The yellow toolbar at the bottom shows the available commands for navigating the file.

Use the 'wasd' keys to scroll the matrix; hold down shift to scroll by a whole screen at a time. Press 'h' to jump to the top-left corner, and 'z' to jump to the bottom-right.

Use the arrow keys to scroll the entire view (including the row and column attributes).

To sort by an attribute or column, use the arrow keys to scroll the view. Position the column you want to sort by at the left of you screen, then press 'o'. To reverse the sort order, press 'o' again.

To transpose rows and columns, press 't'.

Press 'q' to exit the viewer.

Transpose

Transpose rows and columns.

Synopsis:

cef transpose

Example:

< oligos.cef cef transpose | cef info

Output:

          Columns: 19972
             Rows: 820
            Flags: 0
          Headers:
                   Genome = mm10
                   Citation = http://www.sciencemag.org/content/347/6226/1138.abstract

Column attributes: GeneType, Gene, GeneGroup
   Row attributes: Tissue, Group, Total_mRNA, Well, Sex, Age, Diameter, CellID, Class, Subclass

Compare this output to the example given above (Info command).

Sort

Sort the file based on a row attribute or the values in a specific column.

Synopsis:

cef sort --by "attr=X"		Sort by the column where column attribute 'attr' has value 'X'
cef sort --by "attr"		Sort by the row attribute 'attr'

Options:

	--numerical				When sorting by row attribute, sort numerically (default: sort alphabetically)
	--reverse				Sort in reverse order

Example:

< oligos.cef cef sort --by "CellID=1772067057_G07" --reverse > oligos_sorted.cef

Output:

The output file is sorted by the first column, which has CellID '1772067057_G07', in descending order.

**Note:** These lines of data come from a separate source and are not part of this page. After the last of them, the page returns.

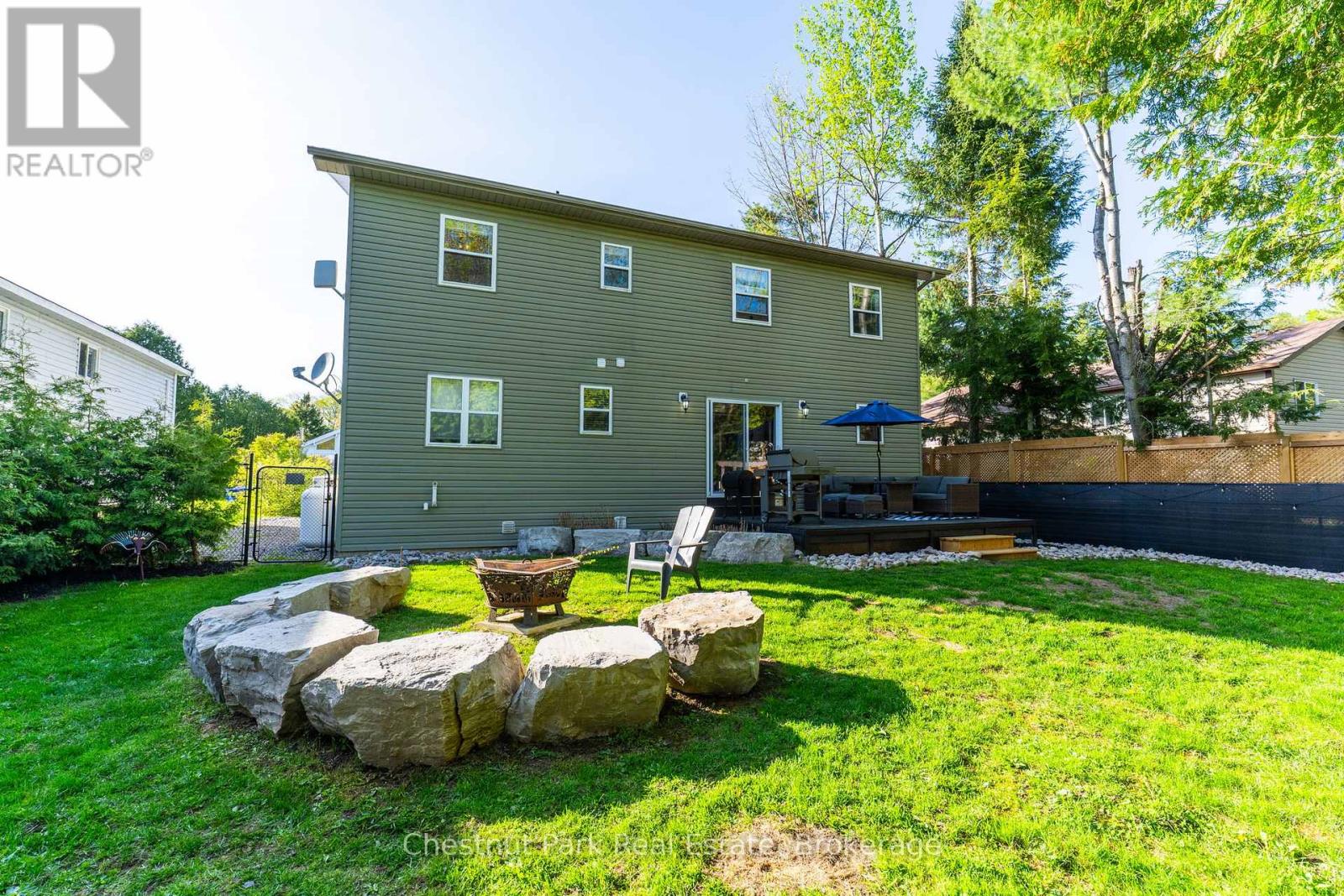 6 Johnston Street, Muskoka Lakes, Ontario  P0B 1J0 - Photo 5 - X13169660
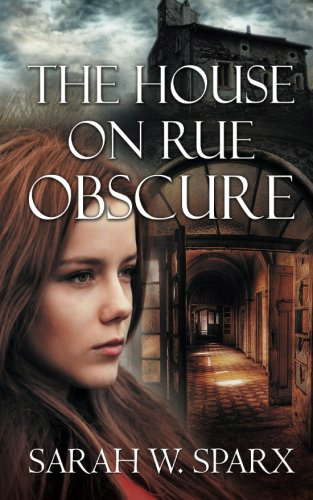The House on Rue Obscure poster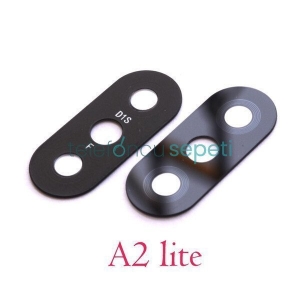 Xiaomi Mi A2 Lite Kamera Lensi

You can verify this by doing < oligos_sorted.cef cef view.

Note: when sorting by column, the "attr=X" clause must be put in double quotes (as above), or bash will interpret the equals sign as a variable assignment.

Sort (SPIN)

Sort rows based on correlations using the SPIN algorithm

Synopsis:

cef sort --spin 			Sort rows by SPIN

Options:

	--corrfile "FILE"		Write the correlation matrix to the given file

Example:

< oligos.cef cef sort --spin --corrfile oligos_spin_corrs.tab > oligos_spin_sorted.cef

Output:

The output file is sorted by correlation similarity, and the row correlation matrix is written to the indicated file in tab-delimited text format.

Select

Select rows that match a given criterion.

Synopsis:

cef select --where "attr=X"		Select rows where the given attribute has value 'X'
cef select --range "10:20"		Select rows 10 through 20
cef select --range ":20"		Select all rows up to and including row 20
cef select --range "100:"		Select all rows starting with row 100 and to the last row

Options:

	--except					Invert the selection

Example:

< oligos.cef cef select --where "Gene=Actb" | cef view

Output:

The result is a file with a single row, containing the data for Actb.

Join

Join two datasets by matching up rows that have the same value for an attribute.

Synopsis:

cef join --with <other.cef> --on "attr1=attr2"

This command joins two CEF files, one from standard input (STDIN) and one given by the --with <other.cef> option. The result is a new CEF file which has been extended on the right with all the data from 'other.cef' that matches with the existing data in the input CEF file.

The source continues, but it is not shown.